_Work to complete_.
Set down exactly the lines below between the line holding "Серо-серебристый" and the line holding "सी.एम.एस. छात्रा द्वारा", inclusive; no other line belongs in the answer.

_Provided entries_.
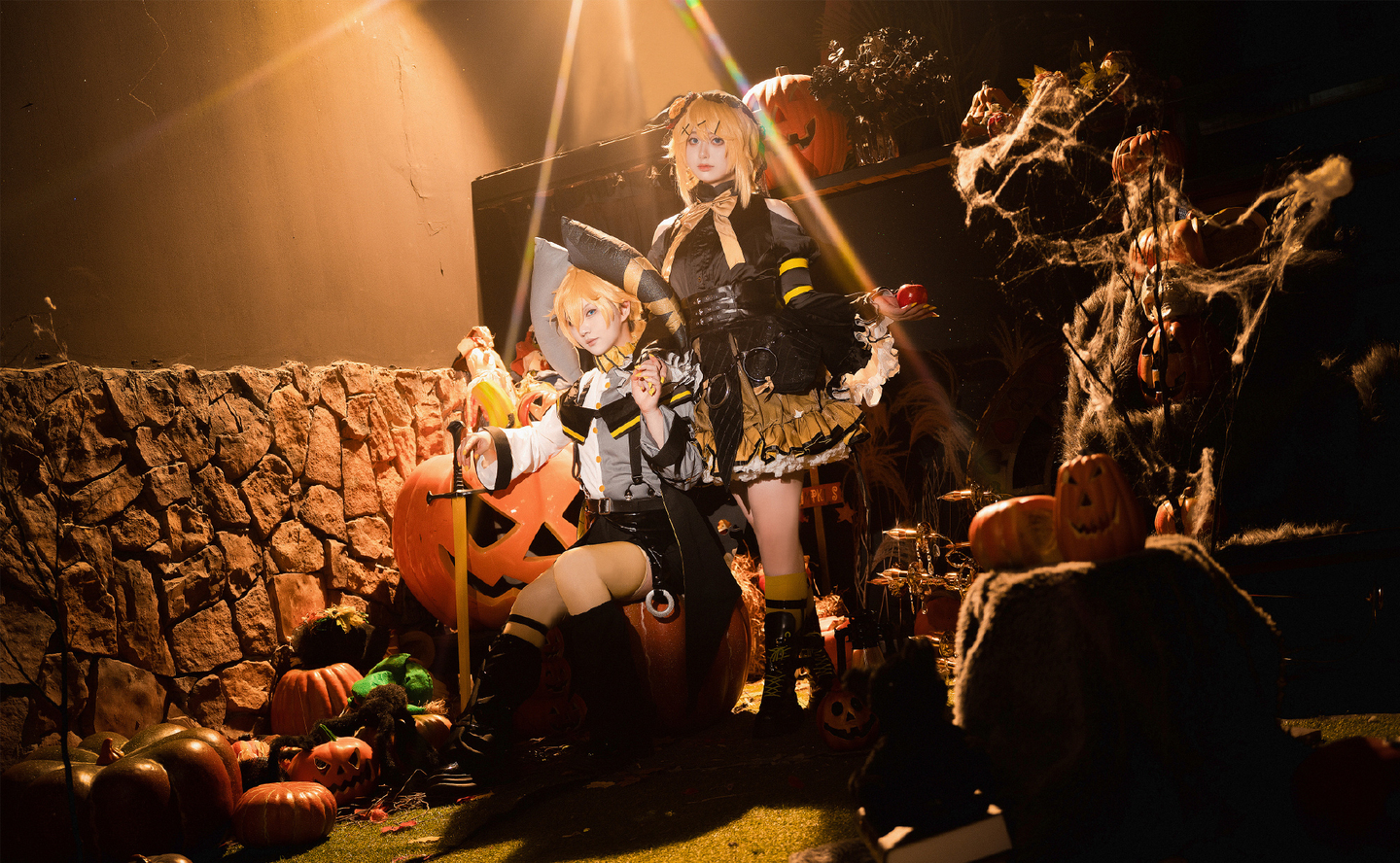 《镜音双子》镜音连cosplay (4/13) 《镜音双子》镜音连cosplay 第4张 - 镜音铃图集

...

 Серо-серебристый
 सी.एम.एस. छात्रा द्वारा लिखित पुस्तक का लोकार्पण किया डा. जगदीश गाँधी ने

_Solution to this problem_.
 Серо-серебристый
 सी.एम.एस. छात्रा द्वारा लिखित पुस्तक का लोकार्पण किया डा. जगदीश गाँधी ने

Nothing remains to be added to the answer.